Studies were included if they met the following criteria: (1) RCTs of cluster design, multiple teeth or mini-implants within the same patient received an intervention and contributed to outcome measures. (2) Published between January 1, 2017 to December 31, 2023. (3) Published in one of the following six major orthodontic journals (2023): European Journal of Orthodontics, the Angle Orthodontist, American Journal of Orthodontics and Dentofacial Orthopedics, Progress in Orthodontics, Orthodontics & Craniofacial Research, and the Korean Journal of Orthodontics.

Animal and preclinical studies were excluded. Studies with no clear details regarding cluster design and studies with designs other than clinical trials were also excluded.

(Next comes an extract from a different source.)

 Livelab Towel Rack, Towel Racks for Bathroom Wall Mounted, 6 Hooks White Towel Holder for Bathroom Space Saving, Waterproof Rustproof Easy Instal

Search and selection of studies

An electronic search of MEDLINE via the PubMed database was undertaken by one author (SM), with the latest update on February 7, 2024, using text words and medical subject headings (Appendix 1). Records irrelevant to the eligible journals were removed, and two authors (SM, HK) performed the initial screening of the studies independently and in duplicate. Trials with interventions involving more than one tooth/mini-implant per patient were included in the full-text review. The same two investigators scrutinized the full texts of potentially eligible articles and evaluated them against the inclusion criteria. In the presence of any disagreement, a consensus was reached after discussion between the two authors.

Data extraction

Two authors independently extracted the following study characteristics: number of authors, continent of the first author (Europe, Americas, or Asia and others), journal and year of publication, study design (parallel, split-mouth, or crossover), and number of arms. The variables required for the sample size calculation were extracted by a single author (SM) after calibration with another author (MA) and entered into an Excel file (Microsoft, Redmond, WA, USA) equipped with the equation to calculate the design effect for each study based on ICC (ρ = 0.1). This value was lower than the reported value (0.2) in previous orthodontic13 and dental studies,14,15 and was selected as a more conservative approach because of the lack of a common ICC for different orthodontic outcomes. The value of “m” was calculated for each study based on the number of teeth or min-implants contributing to each patient unit. Finally, the required number of patients for CRTs was recalculated by multiplying the design effect with the number calculated by the authors of the original CRT publications, as described previously. For each CRT, the increase in the sample size was divided by the number calculated by the authors of the original publication to provide the percentage of the required increase in the number of participants to maintain the same statistical power.

Statistical analysis

Descriptive statistics were provided for the included studies using the median and interquartile range (IQR). The associations between calculating the sample size in CRTs (using the appropriate/optimal approach) and study characteristics were planned to be examined using statistical testing. However, this was not feasible, as only one trial reported the design effect and performed an optimal calculation of the CRT sample size. Five CRTs were excluded from reporting and recalculating the sample size due to the lack of details regarding the sample size. Sensitivity analysis was conducted to isolate the effect of the simple parallel design on the recalculation of the sample size. All statistical analyses were conducted using Stata 15.1 (Stata Corp., College Station, TX, USA) and R statistical package (version 4.3.0; R Foundation for Statistical Computing, Vienna, Austria).

RESULTS

Following the inclusion of the aforementioned journals, 323 articles were screened. One hundred and fifty-one articles were excluded after reading the title and abstract, and 67 articles were excluded after full-text reading for various reasons (Appendix 2). One hundred and five CRTs were eligible for inclusion and data extraction (Figure 1).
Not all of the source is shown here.